• [Your task]:
In full and without change, transcribe the records below.

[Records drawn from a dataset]
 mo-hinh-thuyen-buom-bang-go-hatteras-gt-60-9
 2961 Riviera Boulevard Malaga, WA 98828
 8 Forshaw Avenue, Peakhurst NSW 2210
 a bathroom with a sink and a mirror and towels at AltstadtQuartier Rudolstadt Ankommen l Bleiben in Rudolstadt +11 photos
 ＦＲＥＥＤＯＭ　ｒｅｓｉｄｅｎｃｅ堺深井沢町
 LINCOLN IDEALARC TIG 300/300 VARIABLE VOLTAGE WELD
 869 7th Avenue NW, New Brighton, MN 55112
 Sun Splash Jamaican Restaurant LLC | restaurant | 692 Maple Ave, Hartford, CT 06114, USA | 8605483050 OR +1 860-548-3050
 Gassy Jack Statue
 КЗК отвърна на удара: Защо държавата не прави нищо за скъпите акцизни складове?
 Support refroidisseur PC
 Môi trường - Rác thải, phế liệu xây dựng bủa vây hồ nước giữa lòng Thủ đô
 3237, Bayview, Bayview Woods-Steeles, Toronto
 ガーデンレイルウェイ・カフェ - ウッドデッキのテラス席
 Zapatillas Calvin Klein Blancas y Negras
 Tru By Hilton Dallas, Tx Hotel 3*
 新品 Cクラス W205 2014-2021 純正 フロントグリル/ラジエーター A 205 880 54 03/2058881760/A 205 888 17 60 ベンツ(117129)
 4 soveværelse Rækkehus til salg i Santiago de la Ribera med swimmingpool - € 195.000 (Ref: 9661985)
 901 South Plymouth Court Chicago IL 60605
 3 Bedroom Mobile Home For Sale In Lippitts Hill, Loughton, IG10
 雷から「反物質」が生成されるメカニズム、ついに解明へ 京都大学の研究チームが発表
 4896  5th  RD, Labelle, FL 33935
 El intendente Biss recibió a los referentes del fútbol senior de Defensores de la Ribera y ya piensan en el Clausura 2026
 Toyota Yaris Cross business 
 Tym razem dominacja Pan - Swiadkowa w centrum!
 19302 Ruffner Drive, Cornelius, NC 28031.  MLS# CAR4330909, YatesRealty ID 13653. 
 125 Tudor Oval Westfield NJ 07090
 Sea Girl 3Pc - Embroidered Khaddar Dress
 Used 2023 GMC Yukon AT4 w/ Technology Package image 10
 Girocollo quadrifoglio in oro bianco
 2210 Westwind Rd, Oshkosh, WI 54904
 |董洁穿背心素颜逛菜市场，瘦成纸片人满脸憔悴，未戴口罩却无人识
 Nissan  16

• [Completed task]:
 mo-hinh-thuyen-buom-bang-go-hatteras-gt-60-9
 2961 Riviera Boulevard Malaga, WA 98828
 8 Forshaw Avenue, Peakhurst NSW 2210
 a bathroom with a sink and a mirror and towels at AltstadtQuartier Rudolstadt Ankommen l Bleiben in Rudolstadt +11 photos
 ＦＲＥＥＤＯＭ　ｒｅｓｉｄｅｎｃｅ堺深井沢町
 LINCOLN IDEALARC TIG 300/300 VARIABLE VOLTAGE WELD
 869 7th Avenue NW, New Brighton, MN 55112
 Sun Splash Jamaican Restaurant LLC | restaurant | 692 Maple Ave, Hartford, CT 06114, USA | 8605483050 OR +1 860-548-3050
 Gassy Jack Statue
 КЗК отвърна на удара: Защо държавата не прави нищо за скъпите акцизни складове?
 Support refroidisseur PC
 Môi trường - Rác thải, phế liệu xây dựng bủa vây hồ nước giữa lòng Thủ đô
 3237, Bayview, Bayview Woods-Steeles, Toronto
 ガーデンレイルウェイ・カフェ - ウッドデッキのテラス席
 Zapatillas Calvin Klein Blancas y Negras
 Tru By Hilton Dallas, Tx Hotel 3*
 新品 Cクラス W205 2014-2021 純正 フロントグリル/ラジエーター A 205 880 54 03/2058881760/A 205 888 17 60 ベンツ(117129)
 4 soveværelse Rækkehus til salg i Santiago de la Ribera med swimmingpool - € 195.000 (Ref: 9661985)
 901 South Plymouth Court Chicago IL 60605
 3 Bedroom Mobile Home For Sale In Lippitts Hill, Loughton, IG10
 雷から「反物質」が生成されるメカニズム、ついに解明へ 京都大学の研究チームが発表
 4896  5th  RD, Labelle, FL 33935
 El intendente Biss recibió a los referentes del fútbol senior de Defensores de la Ribera y ya piensan en el Clausura 2026
 Toyota Yaris Cross business 
 Tym razem dominacja Pan - Swiadkowa w centrum!
 19302 Ruffner Drive, Cornelius, NC 28031.  MLS# CAR4330909, YatesRealty ID 13653. 
 125 Tudor Oval Westfield NJ 07090
 Sea Girl 3Pc - Embroidered Khaddar Dress
 Used 2023 GMC Yukon AT4 w/ Technology Package image 10
 Girocollo quadrifoglio in oro bianco
 2210 Westwind Rd, Oshkosh, WI 54904
 |董洁穿背心素颜逛菜市场，瘦成纸片人满脸憔悴，未戴口罩却无人识
 Nissan  16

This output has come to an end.